Installation view of the exhibition, Norwegian Icons, in Manhattan.

Of all the places where modernism put down roots, Norway provided particularly fertile ground: with its union from Sweden dissolved as recently as 1905, a new international language signaled independence. Recovering from World War II occupation, the country harnessed the principles, technologies, and idioms of modernism to return to normality quickly and affordably.

Modernism bloomed, but unlike the distinguishable and celebrated work of its 20th-century architects—think of the functionalism of Erling Viksjø versus Arnstein Arneberg’s conservatism, or the fame of Arne Korsmo and Sverre Fehn—notoriety eluded Norway’s corresponding design scene. In its heyday, furniture and decorative arts were lumped under the umbrella of Scandinavian design. Moreover, the discovery of oil in the North Sea in 1968 focused an entire nation on energy, to the neglect of other industries. By the mid-1970s, the native design community was running on fumes, local consumers neglected their recent material cultural heritage as oil catapulted them to wealth, and international collectors lacked the knowledge to seek out specific talent.

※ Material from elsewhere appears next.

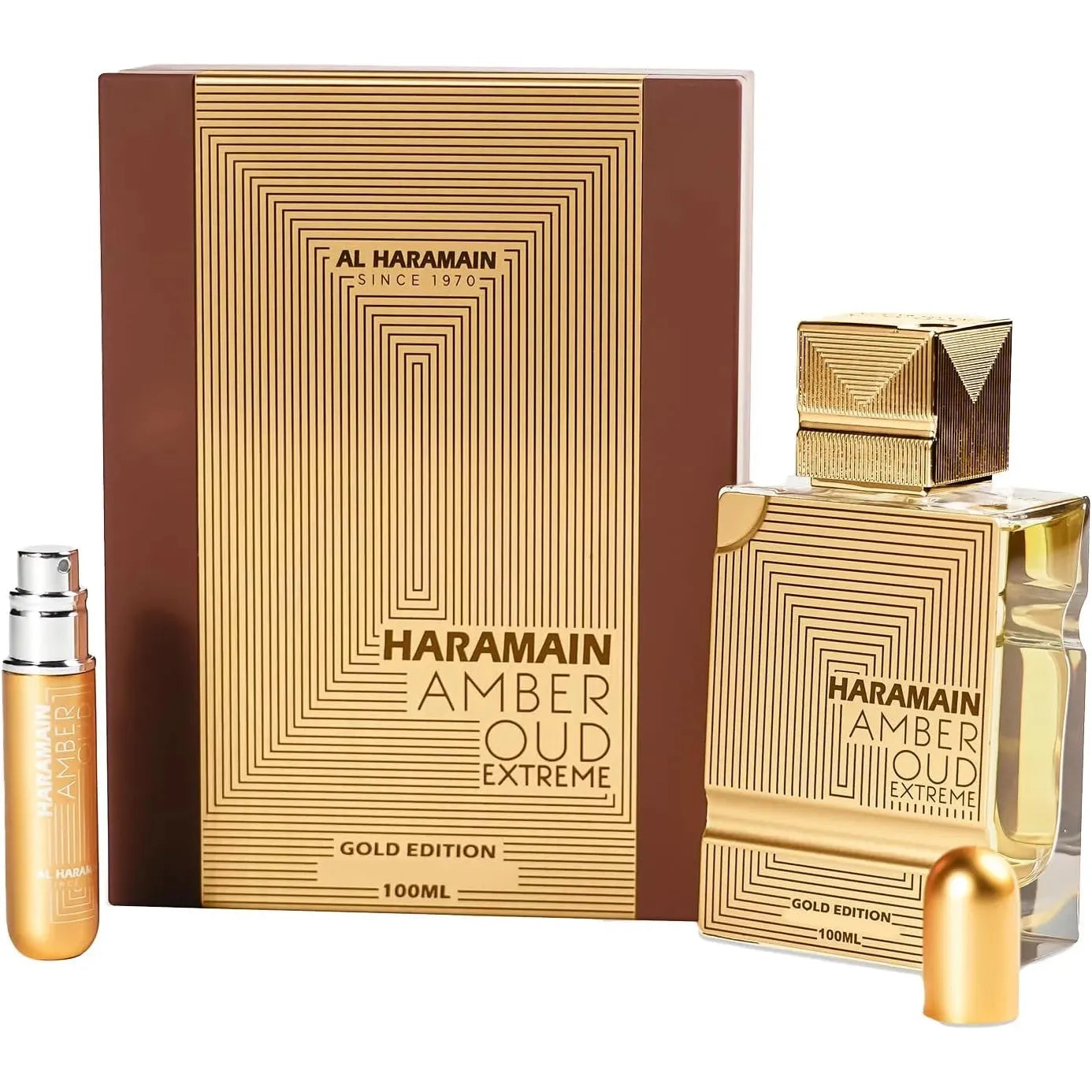 Perfume Al Haramain Amber Oud Gold Extreme EDP (U) / 100 ml - 1 - Privé Perfumes Honduras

Norwegian Icons trumpets the long unsung period between 1940 and 1975. The third and final installation of the pop-up sales exhibition, on view at New York’s Openhouse Gallery only until June 1, features more than 500 pieces of furniture, ceramics, tableware, and jewelry conceived by 44 designers. Six-year-old café and design gallery, Fuglen, originally staged the show at its Oslo headquarters in January 2013 before sending the exhibition to its outpost in Tokyo. (Fuglen partnered with the venerable auction house Blomqvist to outfit Norwegian Icons with art.)

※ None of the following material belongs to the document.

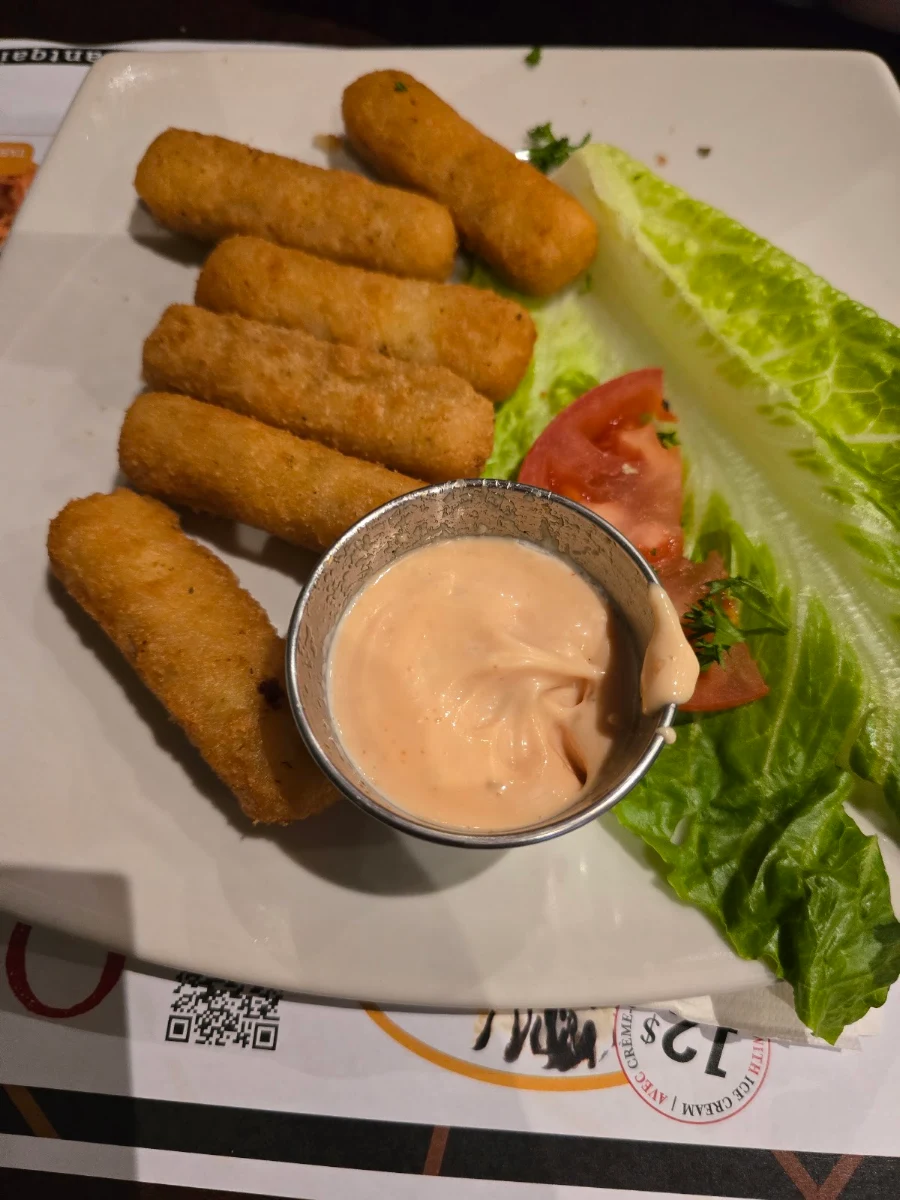 Bâtonnets de Fromage Cheese Sticks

The U.S. arrival of Norwegian Icons not coincidentally corresponds with the conclusion of the International Contemporary Furniture Fair and other events of NYCxDESIGN. If ever there were a season to forge a market for overlooked midcentury modernism, this convergence of interested designers and enthusiasts is it.

The strategic timing will please source-hungry connoisseurs. Arne F. Tidemand Ruud’s Holmenkollen puts a primitive spin on the classic Chieftains Chair (and at $8,150 the interpretation is a fraction of the roughly $675,000 that Finn Juhl’s masterpiece recently commanded at a London auction). Meanwhile, lounge chairs by Gerhard Berge and Fredrik Kayser more closely resemble the work of another Dane, Ib Kofod-Larsen, in look and pricing. Yet the Norwegian creations offer a cachet that, in certain circles, name recognition undermines.

The exhibition should be a boon to design collectors and historians alike, because the bargains and brag-worthy finds also suggest a trove of scholarship waiting to be conducted. Take the design vocabulary surveyed in Norwegian Icons. Although it seems to favor exposed construction and folk expression over, say, Swedish ergonomics or Danish lyricism, the exhibition does not reveal a distinct, unifying ethic. Determining the peculiarly Norwegian inflection of modernism is just one of many topics for academics to mine. While Norwegian Icons is an accomplishment of rediscovery and a love letter from Fuglen to its home country, as the first word on the subject, the exhibition defines a genre as much as it stokes curiosity about it.